Image-text web data
----------

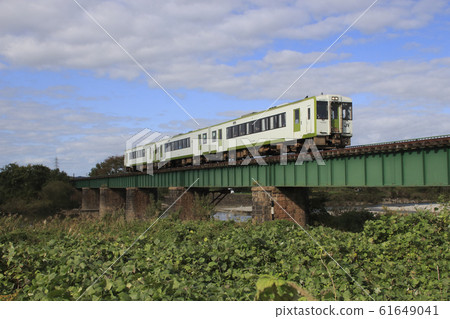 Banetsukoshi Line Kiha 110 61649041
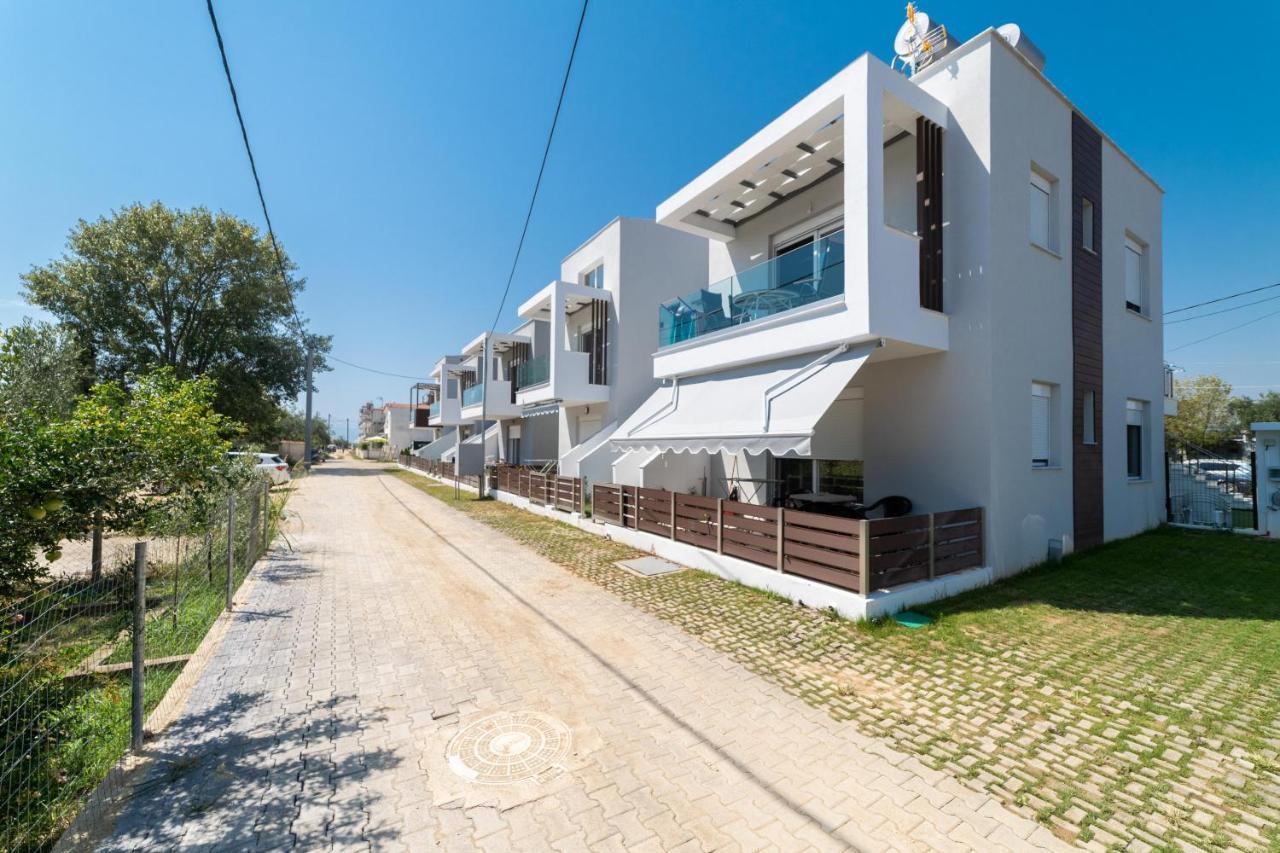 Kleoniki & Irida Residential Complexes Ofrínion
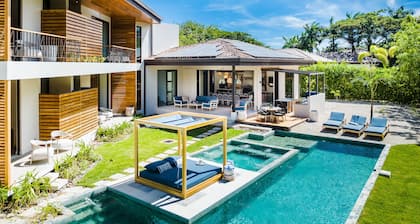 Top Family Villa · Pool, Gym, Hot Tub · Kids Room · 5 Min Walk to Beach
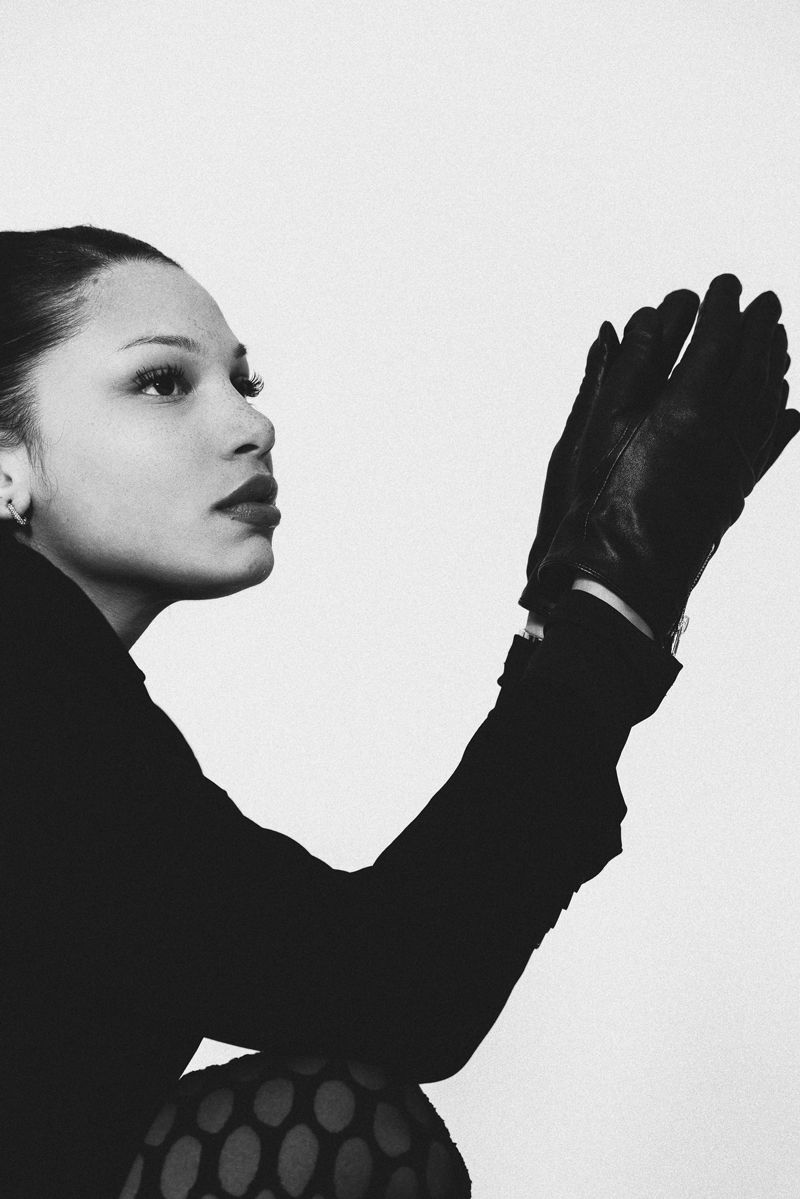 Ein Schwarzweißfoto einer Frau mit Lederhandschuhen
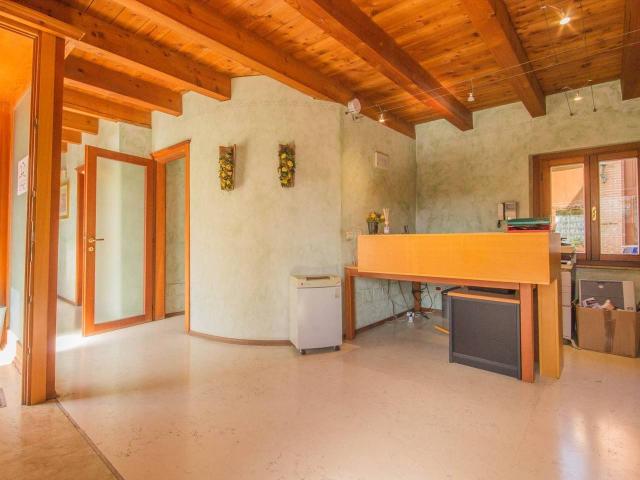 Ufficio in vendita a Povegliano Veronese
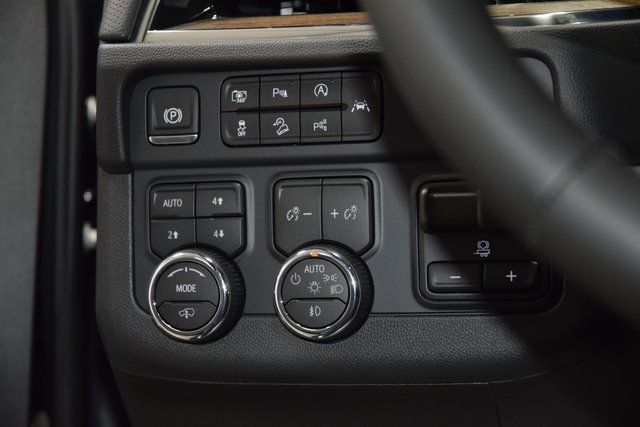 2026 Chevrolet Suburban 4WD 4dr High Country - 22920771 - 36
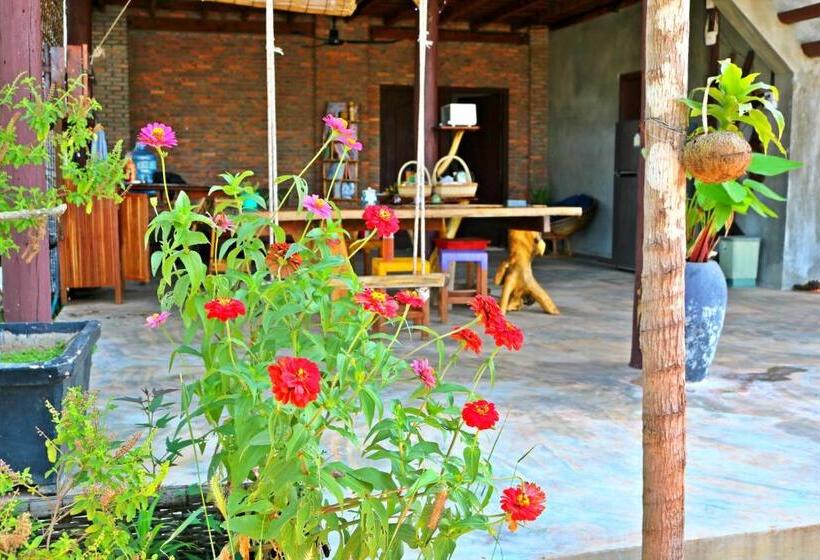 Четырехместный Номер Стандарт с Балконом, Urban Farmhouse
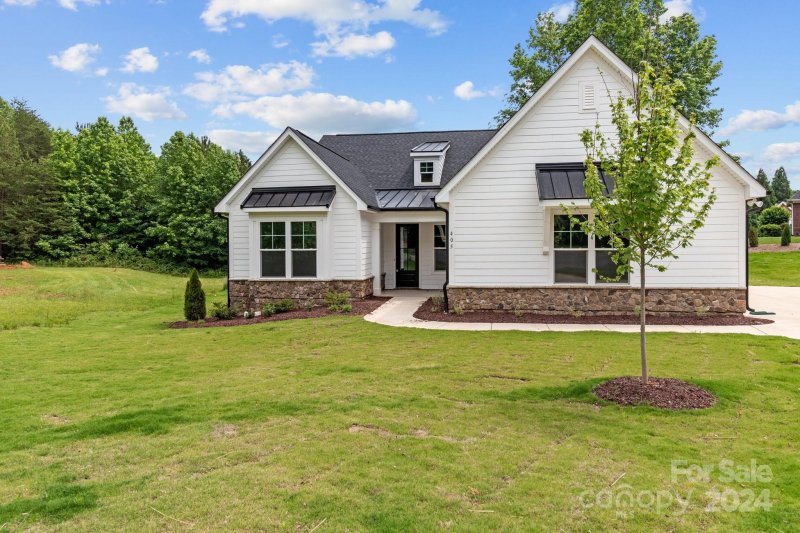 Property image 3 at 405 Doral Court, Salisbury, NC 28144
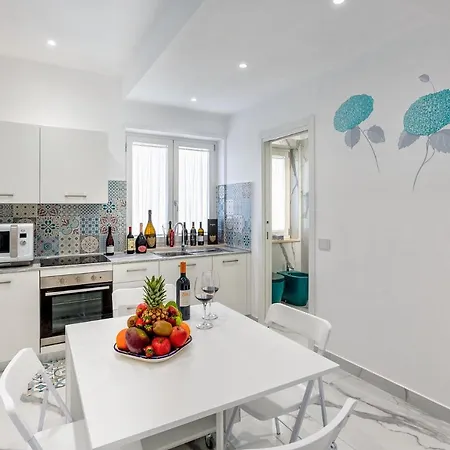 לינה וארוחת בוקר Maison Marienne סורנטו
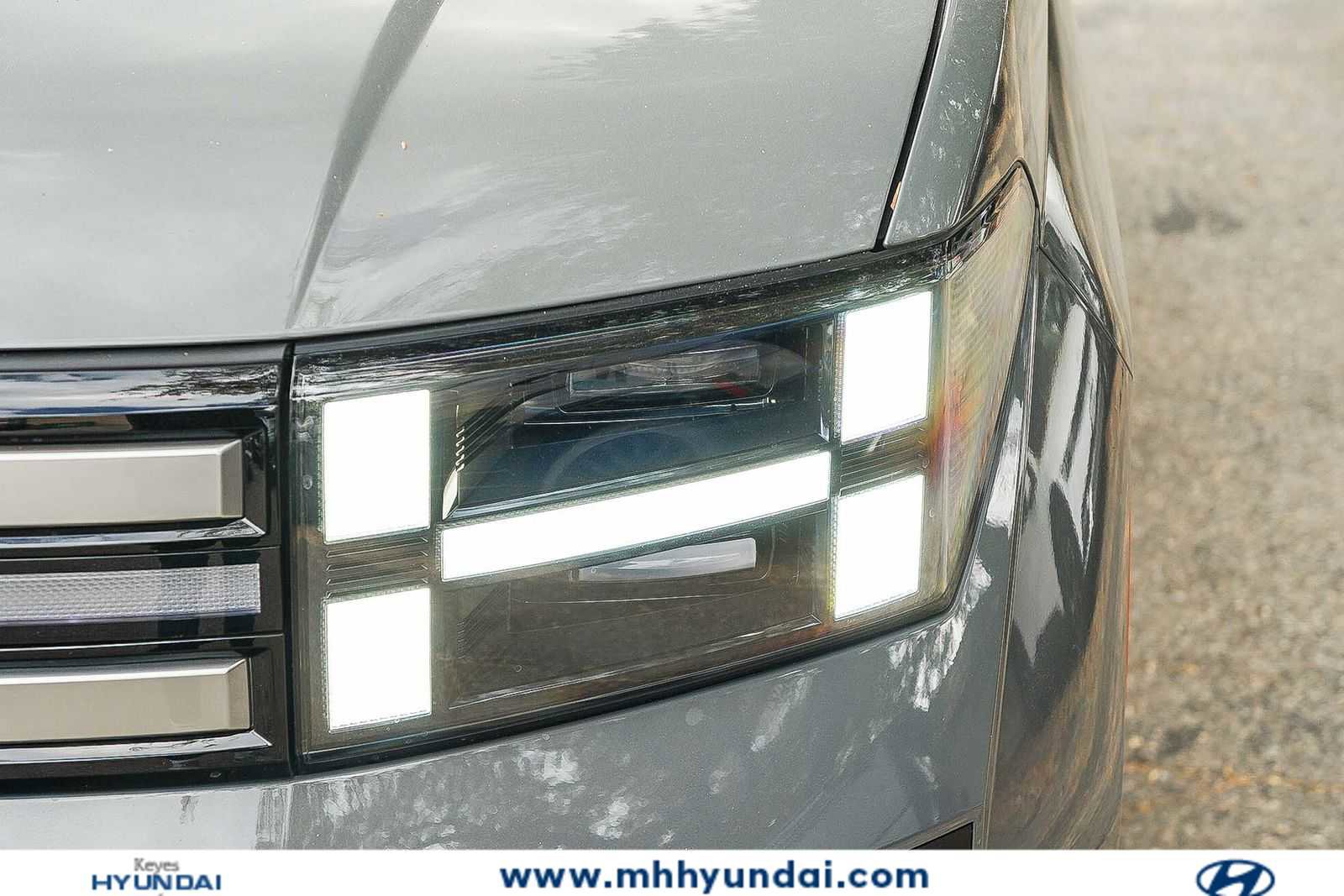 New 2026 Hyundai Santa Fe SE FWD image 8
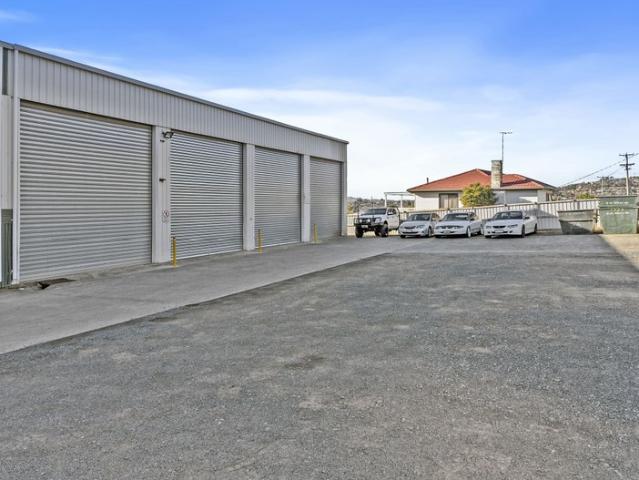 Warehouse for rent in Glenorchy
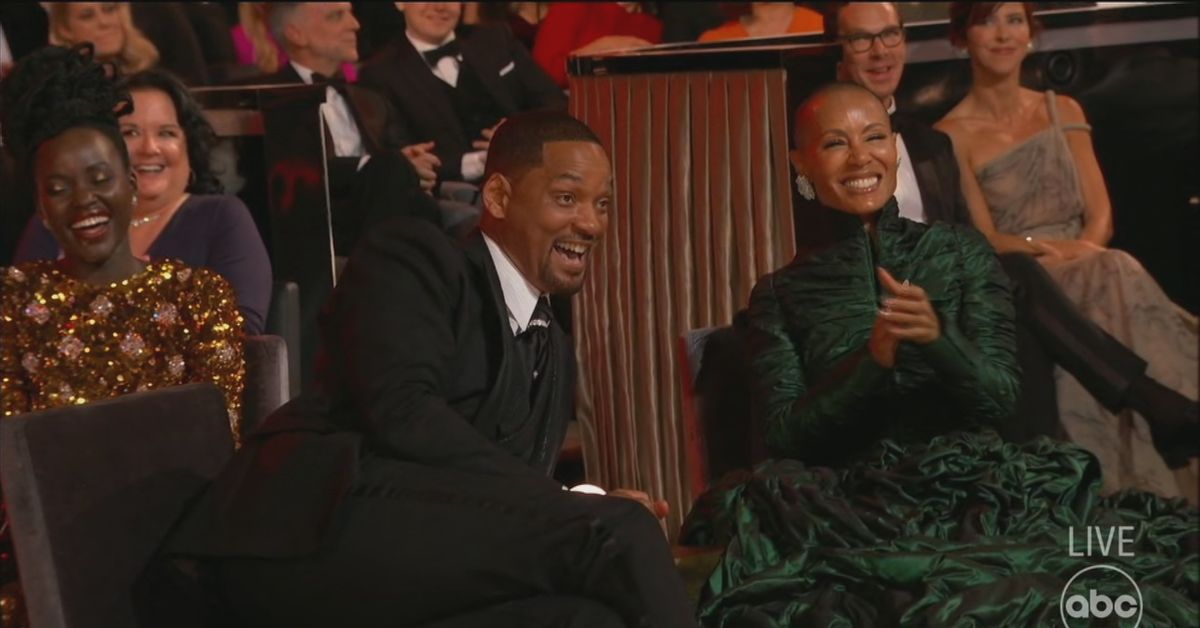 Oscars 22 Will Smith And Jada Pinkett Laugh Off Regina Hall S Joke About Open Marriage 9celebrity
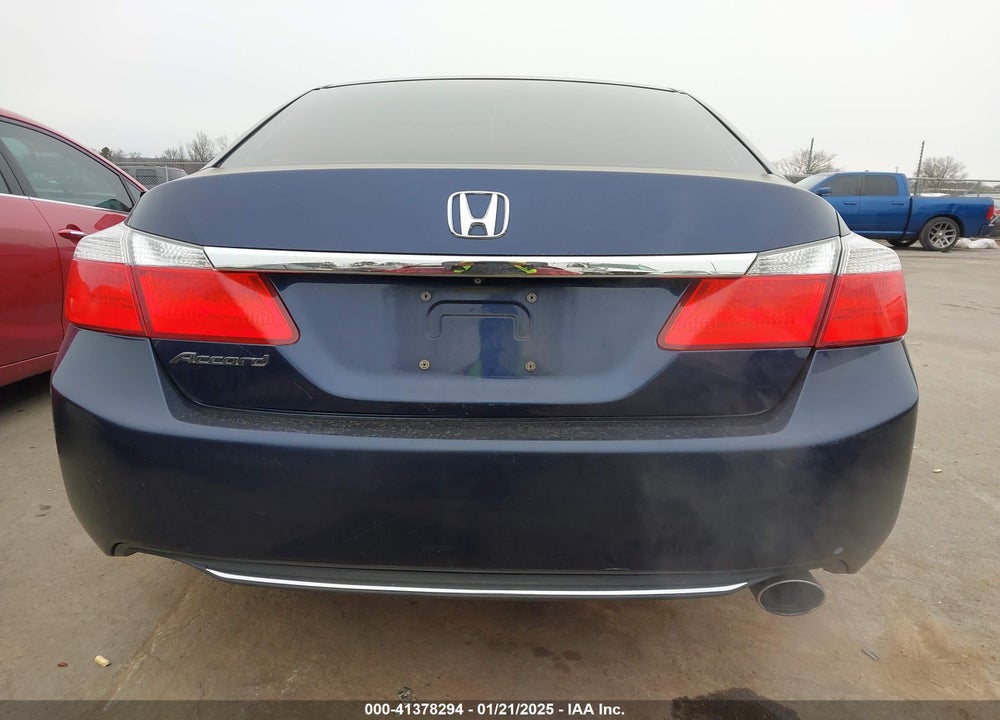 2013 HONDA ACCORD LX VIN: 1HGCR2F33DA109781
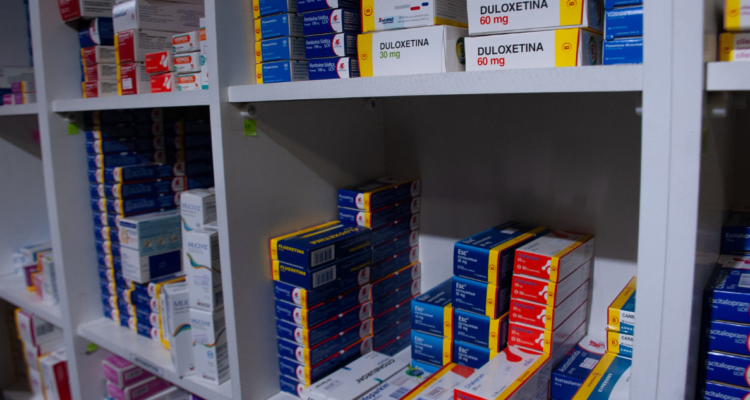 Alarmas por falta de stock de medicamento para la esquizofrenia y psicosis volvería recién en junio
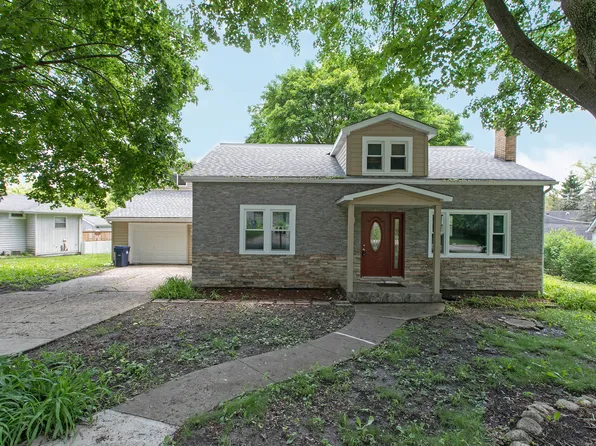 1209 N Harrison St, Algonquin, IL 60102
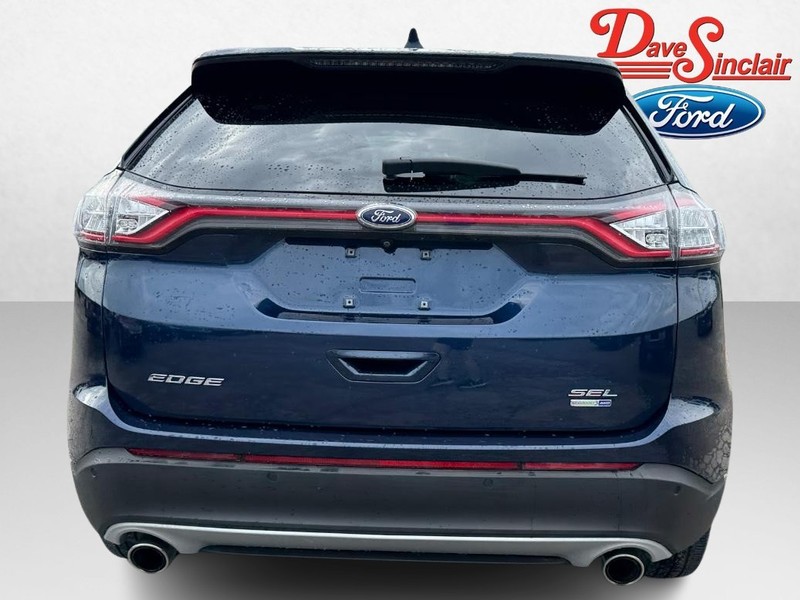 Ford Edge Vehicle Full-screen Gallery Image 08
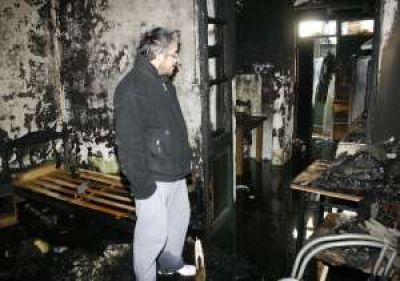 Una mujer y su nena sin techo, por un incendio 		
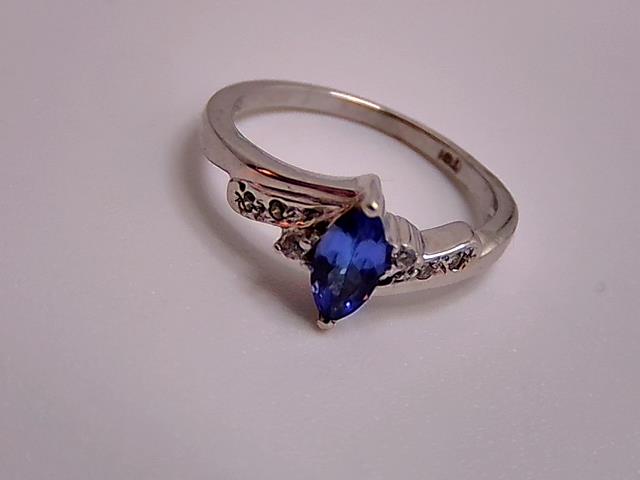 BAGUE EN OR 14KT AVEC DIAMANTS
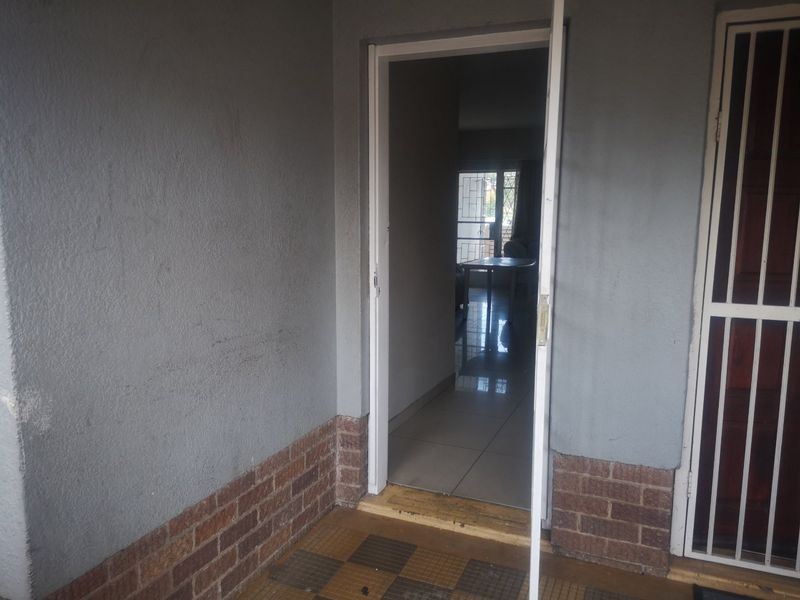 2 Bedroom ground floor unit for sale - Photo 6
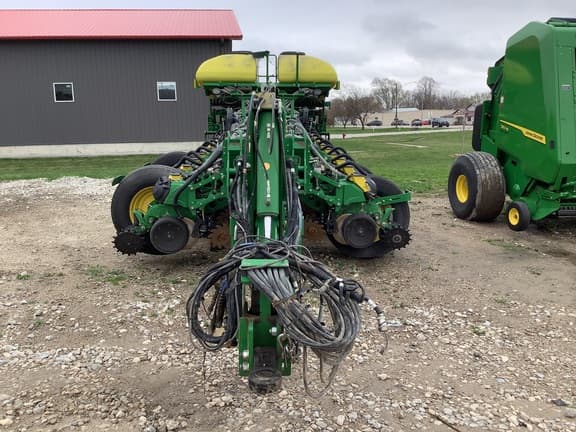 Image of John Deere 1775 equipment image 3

----------

• [YOUR INSTRUCTIONS]: Word for word, set down the lines from the line with "Warehouse for rent in Glenorchy" through the last line of the entries, and nothing else; the pictures stay out.

• [SOLUTION TO THE PROBLEM]:
 Warehouse for rent in Glenorchy
 Oscars 22 Will Smith And Jada Pinkett Laugh Off Regina Hall S Joke About Open Marriage 9celebrity
 2013 HONDA ACCORD LX VIN: 1HGCR2F33DA109781
 Alarmas por falta de stock de medicamento para la esquizofrenia y psicosis volvería recién en junio
 1209 N Harrison St, Algonquin, IL 60102
 Ford Edge Vehicle Full-screen Gallery Image 08
 Una mujer y su nena sin techo, por un incendio 		
 BAGUE EN OR 14KT AVEC DIAMANTS
 2 Bedroom ground floor unit for sale - Photo 6
 Image of John Deere 1775 equipment image 3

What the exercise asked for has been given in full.